━━ COLLECTED MATERIAL

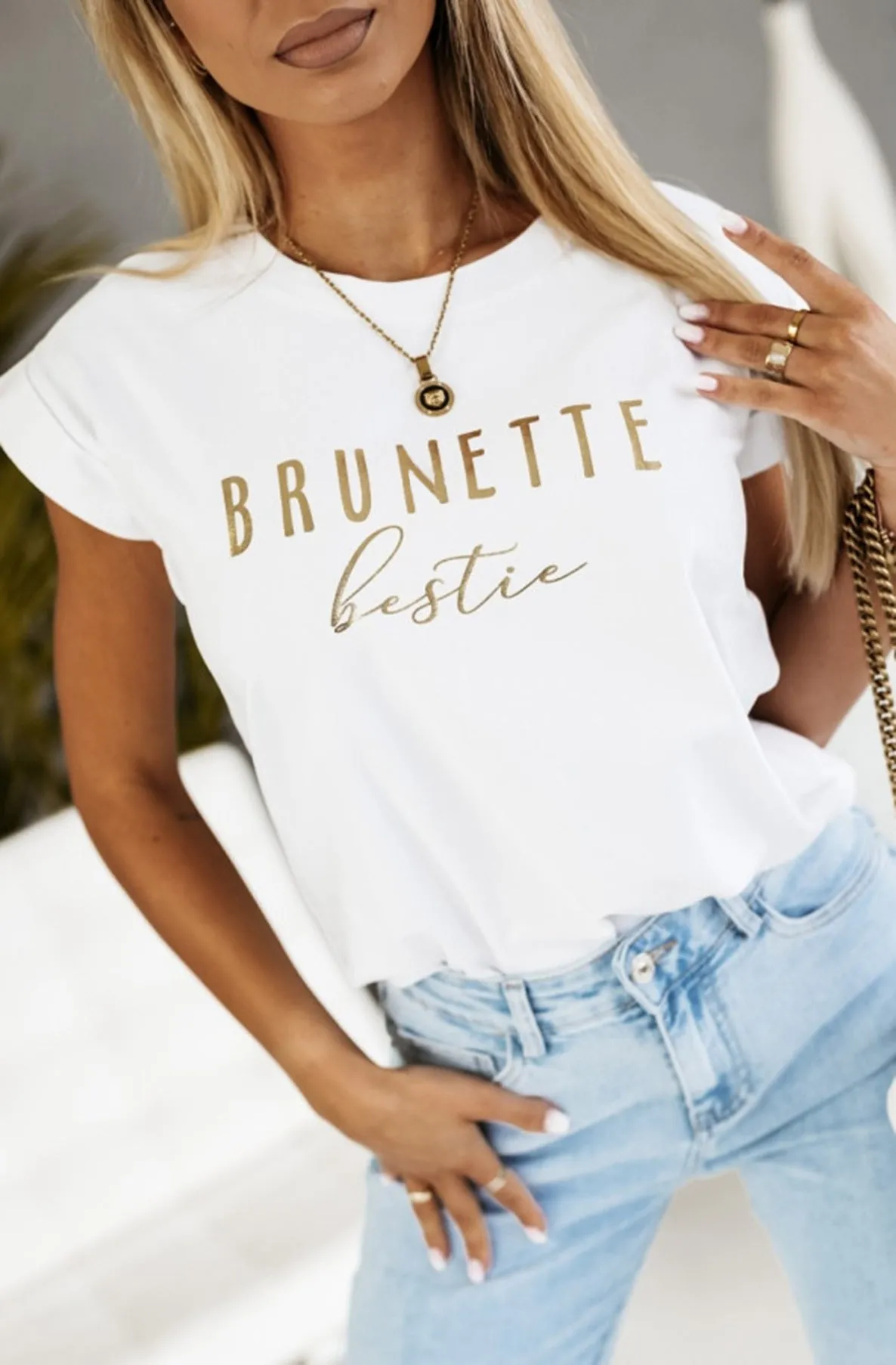BRUNETTE bestie T-Shirt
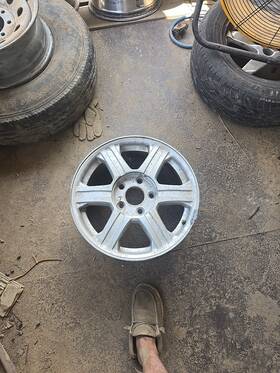 2216-c Chrysler 17 Inch 2005 06 07 08 Pacifica Silver Painted 6 Spoke Alloy Wheel Rim J33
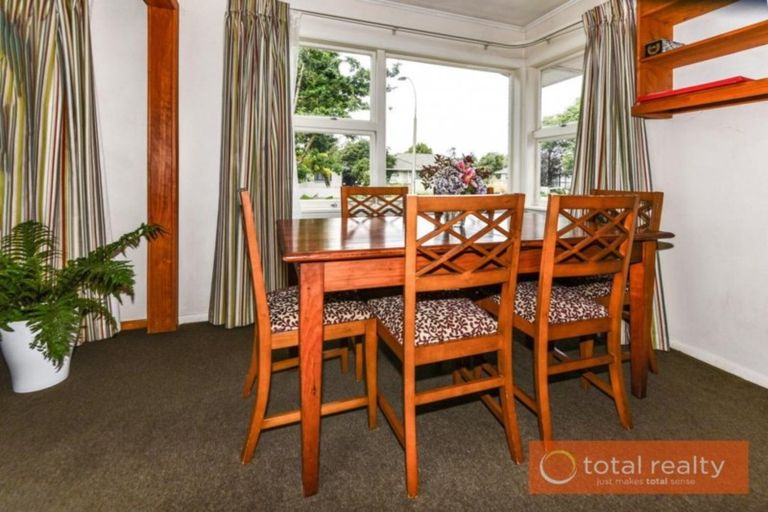 Photo of property in 43 West-watson Avenue, Hillmorton, Christchurch, 8025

━━━━

THE PROBLEM:
Everything in the data must be printed verbatim except the pictures.

COMPLETED EXERCISE:
BRUNETTE bestie T-Shirt
 2216-c Chrysler 17 Inch 2005 06 07 08 Pacifica Silver Painted 6 Spoke Alloy Wheel Rim J33
 Photo of property in 43 West-watson Avenue, Hillmorton, Christchurch, 8025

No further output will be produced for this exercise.